WORK ORDER »
Before printing the listing, strip out its pictures and keep everything else exact.

INFORMATION SUPPLIED »
★ ★ ★ ★
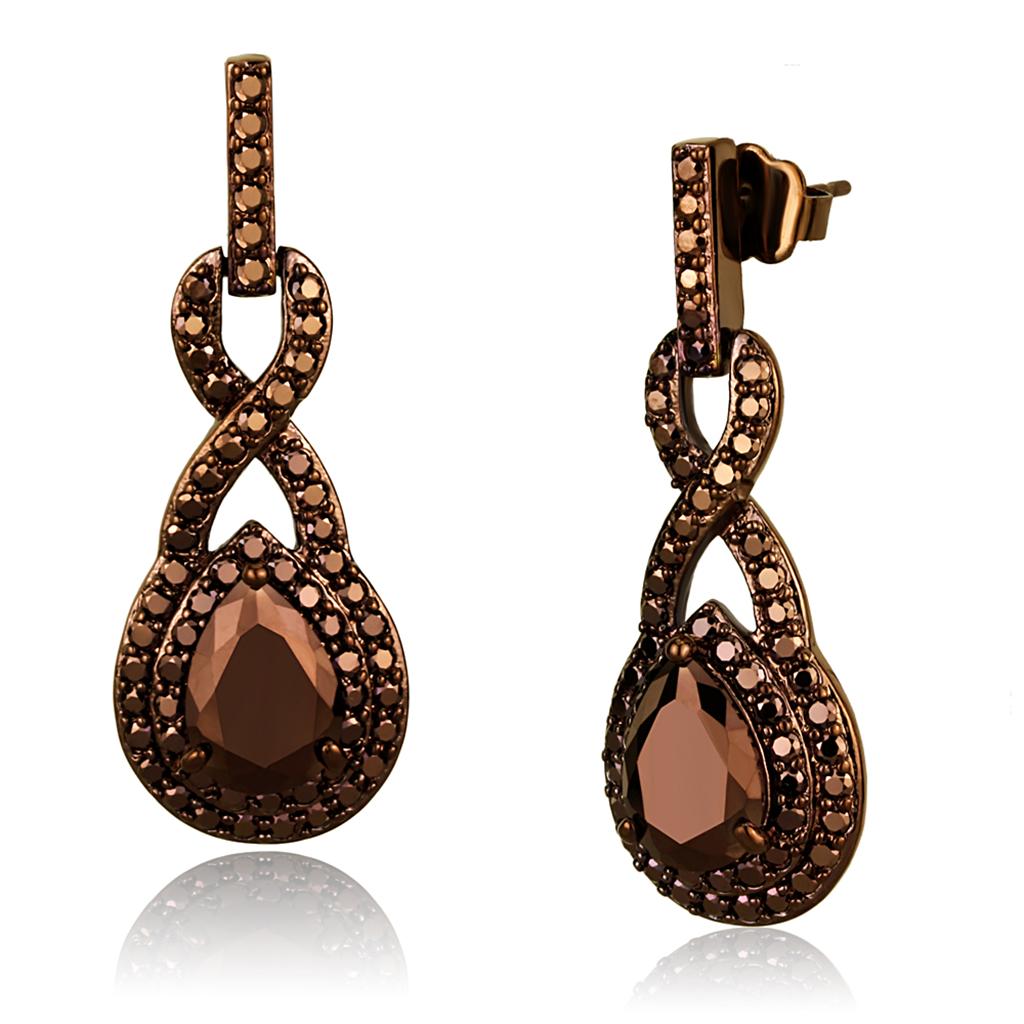 IP Coffee light Brass Earrings with AAA Grade CZ  in Light Coffee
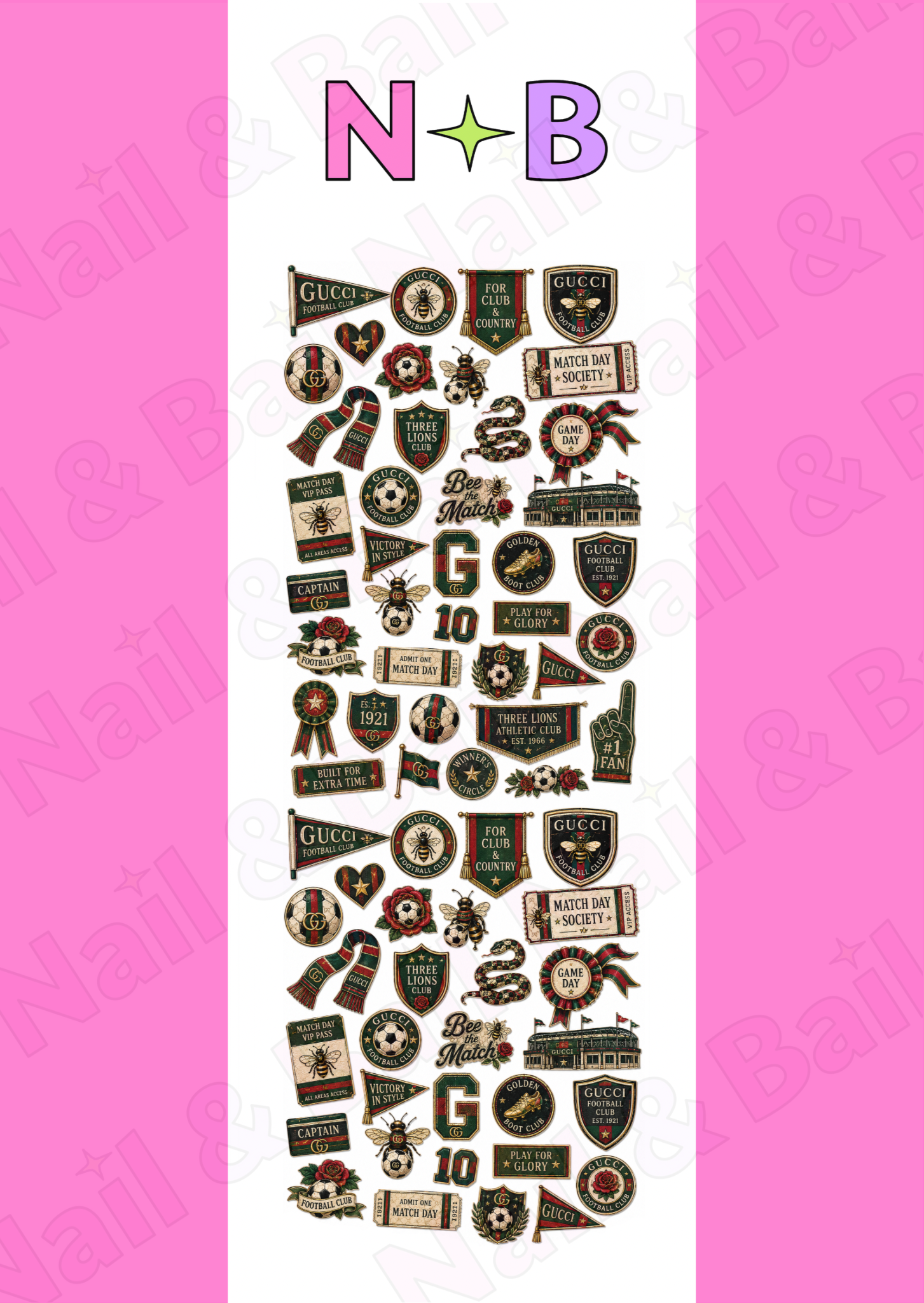 Football nail decals with bee motifs, football artwork and designer-inspired match-day details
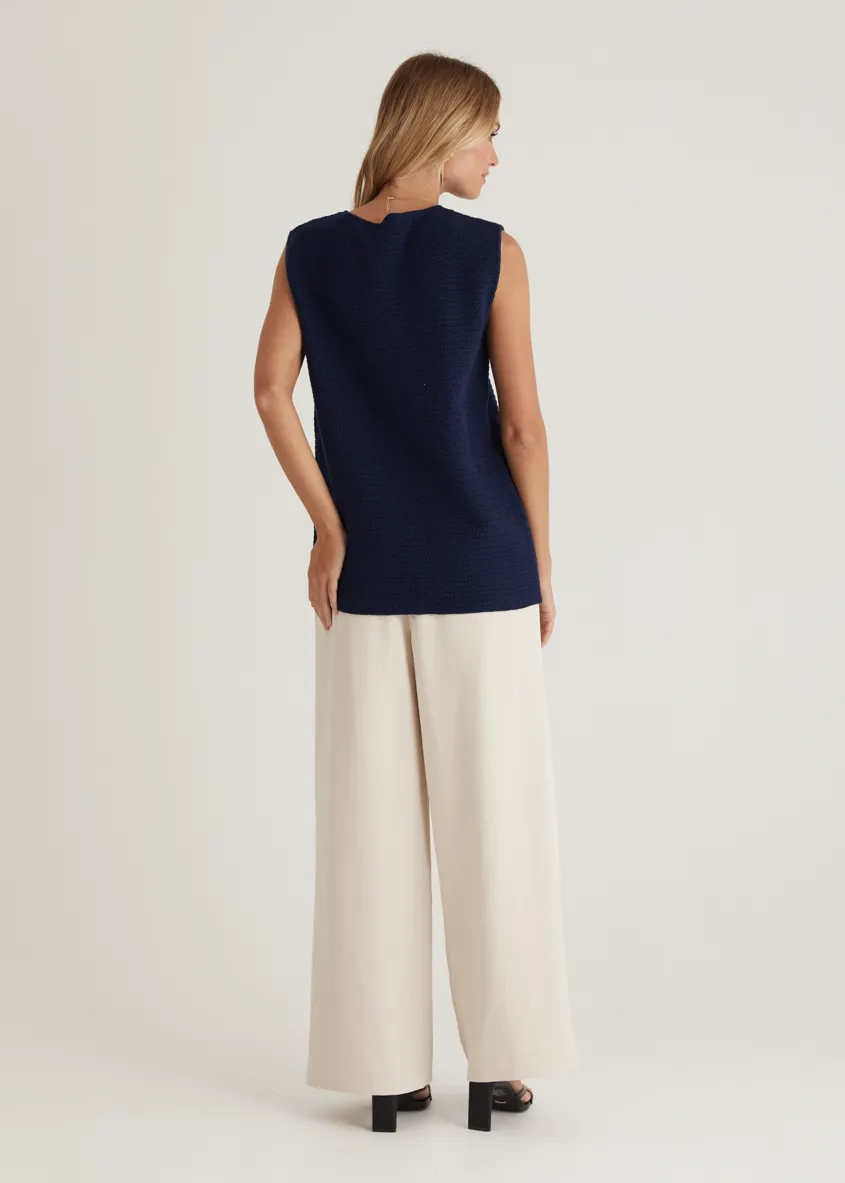 Tiffany Knit Vest - Navy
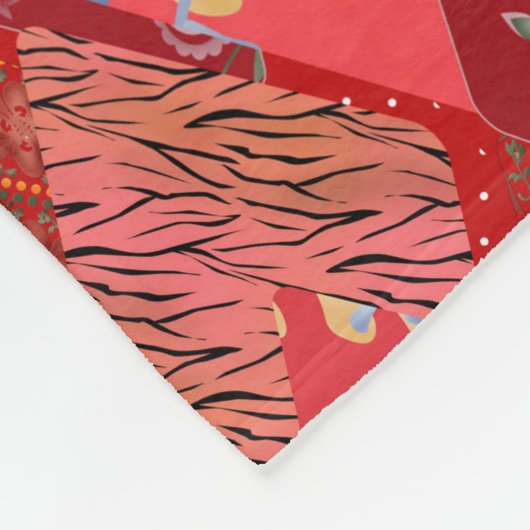 Couverture Polaire Rouge, rustique, patchwork (Coin)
★ ★ ★ ★
OUTPUT BELOW »
 IP Coffee light Brass Earrings with AAA Grade CZ  in Light Coffee
 Football nail decals with bee motifs, football artwork and designer-inspired match-day details
 Tiffany Knit Vest - Navy
 Couverture Polaire Rouge, rustique, patchwork (Coin)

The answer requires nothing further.